Are You Serious?!

Okay.

If you haven't read one of my recent blogs, I explained how me and one of my close Guy friends were becoming friends with benefits.

And it just so happens that on one crazy drunken night, we made a small mistake. We weren't as precautious.

And on that night he knew he had messed up. And on top of that, I missed my monthly gift. Of course I DIDNT tell him this.

But he had lied to me and told me he used something when I know for a fact he didn't. I'm not an idiot.

Anyways, today. We were texting and I made a sly comment about us doing that. Just trying to lighten up the conversation because he was already being short with me. He was being boring and disconnected from the conversation. So I was joking around like I always do.

And all of the sudden, he says he would shoot himself if he ever had a kid right now.

okay.

WHAT THE FUCK?

I know we are young. So it is a valid statement to make. I mean he wouldn't literally. But he was trying to prove the intensity he felt about it.

BUT.

It is the reason he said this that pissed me off. He lied to me and told me he was careful when he wasn't. And on top of that you are going to act like a bitch toward me when it isn't my fault? I haven't done anything? What. Do you think I want to have a child right now? Did I force you? No.

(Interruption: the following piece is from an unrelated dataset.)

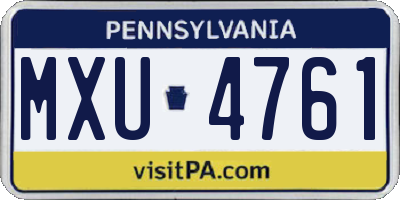 PA license plate MXU4761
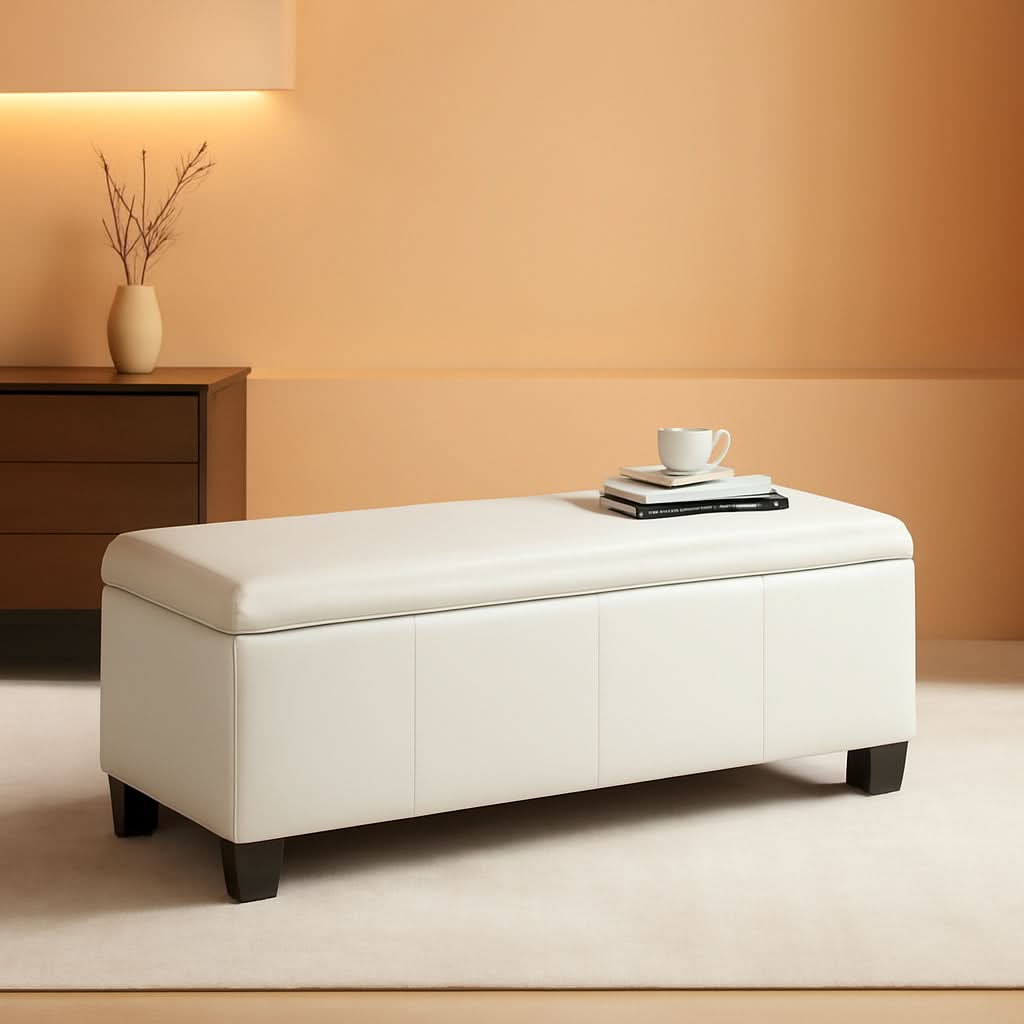41-Inch White Faux Leather Storage Ottoman End-Of-Bed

Now I am not saying we weren't both to blame. Because I am to blame too. I should pay more attention. But of course the keg standing and heat of the situation didn't help at all..

But really?

Is it necessary for you to say such things when you know there is a chance? That just freaks me out worse! Now I am positive I will have no support from you if there really is one. He said this because heis scared. Well I am too?

I don't know. It just really hurts me to know how alone I really am in this.